All the X1D system has in common with the GFX is that they are both mirrorless systems using the same Sony cropped medium format sensor.

However, the execution is totally different. The Fuji system looks and feels sort of like a Chrysler minivan, and the X1D like a Porsche 911. The Fuji will be more versatile in some ways. An articulating LCD, a removable viewfinder that can be articulated, lots of physical dials and buttons.

The X1D is the most elegantly designed camera that I have ever handled. Everyone who has handled one has been blown away by the fit and finish, the form factor, and the elegant simplicity of the interface. I am absolutely sure that both systems will be capable of high end image quality. HB has lots of experience with the Sony 50MP sensor. There is no reason to believe that the IQ will not be equal to the H6D50. It therefore comes down to the lenses and the physical differences in the cameras. There are tradeoffs, and different people will have different priorities.

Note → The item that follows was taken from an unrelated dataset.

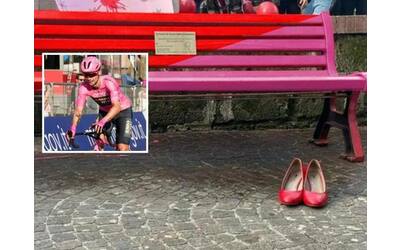 scarpetta rossa partner del giro d italia 2024 contro la violenza sulle donne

DIGLLOYD: not having handled an X1D personally, I cannot yet comment. I will say that the paucity of buttons has always proven to be a hassle, and that a rear LCD with touchscreen is a non-starter for me—presbyopia at dusk, dirty or sunscreen-coated fingers, etc. One man’s elegance is another’s frustration, and last year I had to rent a Chrysler minivan, and its build quality was sh*t but dang did it do the job nicely for what I needed it for—well, my Cayenne was broken and I agree it is far nicer, so interesting out of the blue analogy.

It will be interesting to see what both cameras actually feel like. And ultimately if there are certain problems that interfere with making images under some conditions, that can be paramount. It will be fun to see them both.

Brian K writes:

Interesting read on the differences between the Hassy and Fuji mirrorless cameras. I can’t help think of what I was told by a service technician working on my then problematic Imacon scanner, “it was built for dentists”. It seems that there are cameras or equipment built for possibly heavy use or even rough use, and gear designed for hobbyists with the financial means to buy very elegant but possibly less practical gear.

When I was an advertising photographer, when it came to 35mm, there was pretty much just two choices. Nikon or Canon. Both cameras had vast supporting systems, and one could easily find accessories or repairs in many locations world wide. Leica for all it’s quality just wasn’t practical as an SLR for a working pro. (Obviously for rangefinder users it’s a different story as Leica is unique there) It was a boutique camera not a tool.

As a professional I would not even remotely consider the new Hassy unless they had a firm announcement and firm delivery dates on a complete series of lenses. Just 3 lenses can be very limiting to a professional and this system is not a cheap investment. I don’t see many pros adopting it, maybe if it survives for 5 more years and the range of lenses is increased enormously, but I think it’s just another boutique camera that will only find a home with hobbyists which the means to afford it. Sad though, if Hasselblad had the financial resources to really put behind this camera it could be successful.

Fuji on the other hand can build an elaborate system. As demonstrated by the Fuji GX680III system (50mm, 65mm, 80mm, 100mm, 125mm 135mm, 150mm, 180mm, 210mm, 250mm, 300mm, 500mm, lenses and a zoom AND a soft focus lens) Now that’s a system! And if Fuji is viewing this as their pro MF digital camera system why would they not continue with their past philosophy?

I think we’re seeing the end days of Hasselblad.

DIGLLOYD: I completely agree on the “firm” comment, and yet if the investment/buyout is true, then it is likely the salvation of Hasselblad and promises to meet those requirements, given a little time.